Well the truth is that some people in banking are not supposed to be in the banking at all. That is why they fail. For instance, on getting a N1 billion loan from the bank, the bank is giving me a condition that I’m going to pay 25 per cent interest on this money per annum. The banker that is giving me this interest rate is also part of the economy. He or she knows that the economy is bad, yet he is giving me a 25 per cent of that money per annum; and that is N250 million. What business can you do to earn N250 million per annum, in Nigeria? Now, that is where the CBN comes in, to encourage small and medium scale enterprises. How many people will go into agriculture business for instance with such loan and be able to pay back? I don’t see the person paying back that money. The banker approving this money knows that the man cannot pay. But truth is this – they will tell the man to bring his property that is worth N2 billion because they want to give him a loan worth N1 billion. And they know that the man cannot pay but they are rest assured that if this individual cannot pay, they will go back to his property. What we do in our country is that they give you facility that is worthless and collateral even though they know that technically you cannot pay.

After five years that they know you cannot pay, they come after their money by forcing you to sign your property for them. Now if that individual employs 5,000 workers, they become unemployed from that day. Unemployment is increasing in the country every day because of financial failure. These are the reasons for the companies that AMCON has acquired over the years. AMCON acquired those companies, appointed a recovery manager to go after those people. AMCON has told us that they have taken over those companies, yet they are making losses, what is the value of those companies? Sincerely, the takeaway of these companies is a way to kill the economy more.

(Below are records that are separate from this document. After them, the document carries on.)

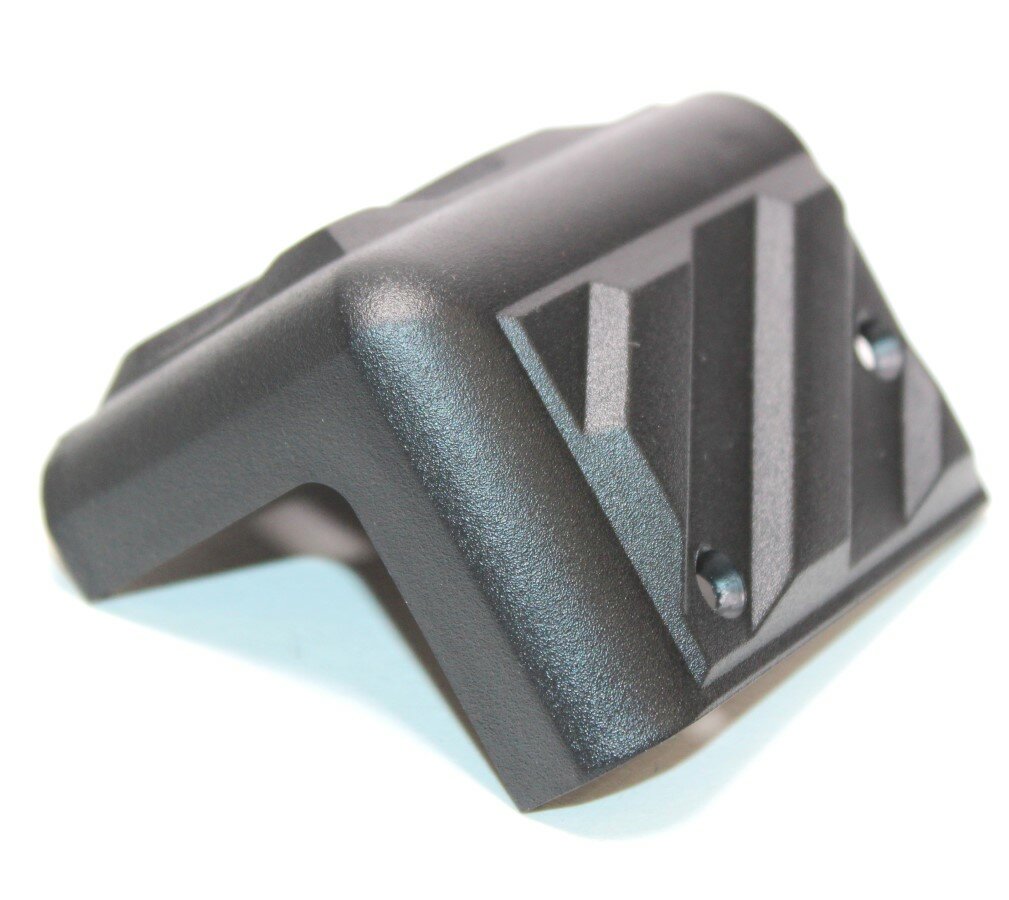 Уголок защитный для АС BJ-03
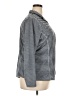 Eddie Bauer 100% Polyester Gray Pullover Sweater Size XXL - photo 4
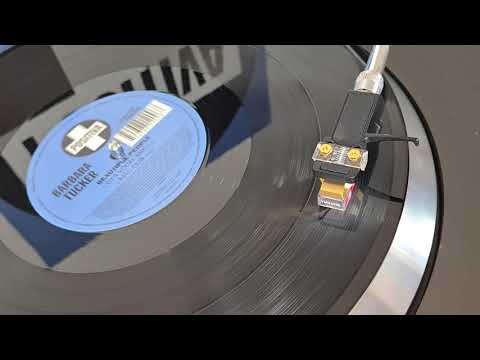 Barbara Tucker - Beautiful People (CJ's Vocal Mix) - 1994 (4K/HQ)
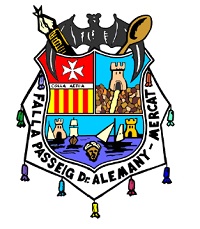 Imagen1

So the synergy between the banks and the economy must work in tandem because the banks are there to support me and not to kill me. They know that giving me that facility will mean that I will employ more people as part of the expansion. If I employ 100 before, it will increase to 200 that will help drastically to reduce unemployment within that area. For a bank to give you a facility, they will look at your financials. What went wrong? Why is the man not performing any longer? Those are some of the critical issues that we need to identify. Then we come in as a government to ensure that that company don’t go down; but unfortunately, we don’t do it here. Most of the companies that borrowed money outside Nigeria, government come to assist them so that they won’t create unemployment within that environment. So where are the Dunlop, Michelin and other companies of those days? Most of the banks that took over Dunlop didn’t even know what to do about the company.

I must reiterate that banking is not about liquidity. Our system is killing. We are not encouraging people to grow; rather, we are encouraging them to die. Businesses in Nigeria cannot grow under this kind of atmosphere.
Anybody you see doing business successfully today, must be part of government. He may be getting free fund from government. Business cannot grow because you need a facility to grow, yet the man what is coming to make your business grow, technically is coming in to kill you! A lot of people have committed suicide. If they were doing their business alone without going to the banks for facilities, maybe they would have been successful.

So what is the way forward?

The way forward is for the Governor of the Central Bank who controls monetary policy and the Minister of Finance who controls the fiscal policy to sit down together and begin to look at issues without sentiments. We must a way to ensure that industries such as the textile industry and others which employs 50,000 and even 70,000 people are revived. The financial regimen we run in this country is killing them.